### WORK INSTRUCTION
In the data below, find the line with "PRADA Hand Bag" and the line with "Unmarked Plurals", then restate both and every line between them exactly, minus the pictures.

======== DATA ========

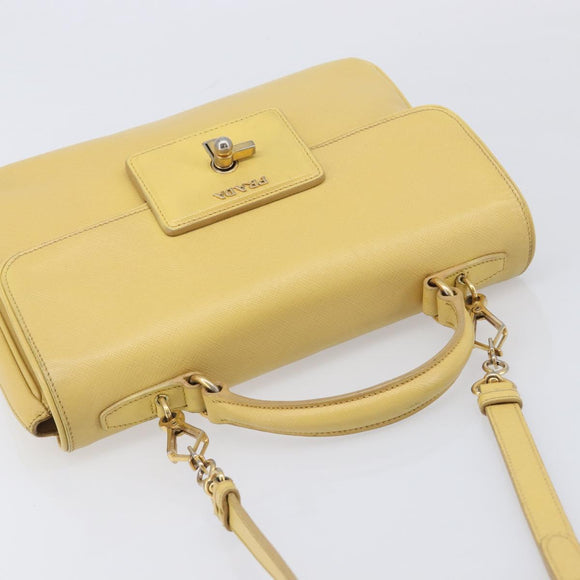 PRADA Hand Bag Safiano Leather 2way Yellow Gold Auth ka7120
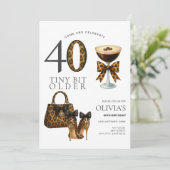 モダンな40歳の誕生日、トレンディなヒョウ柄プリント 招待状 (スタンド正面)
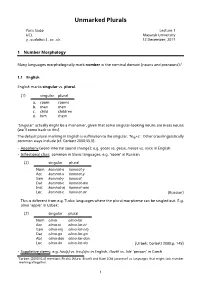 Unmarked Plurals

========
======== DATA ========

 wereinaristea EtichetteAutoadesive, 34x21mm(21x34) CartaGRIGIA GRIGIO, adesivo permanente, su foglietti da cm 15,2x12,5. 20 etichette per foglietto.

========

### REPLY
 PRADA Hand Bag Safiano Leather 2way Yellow Gold Auth ka7120
 モダンな40歳の誕生日、トレンディなヒョウ柄プリント 招待状 (スタンド正面)
 Unmarked Plurals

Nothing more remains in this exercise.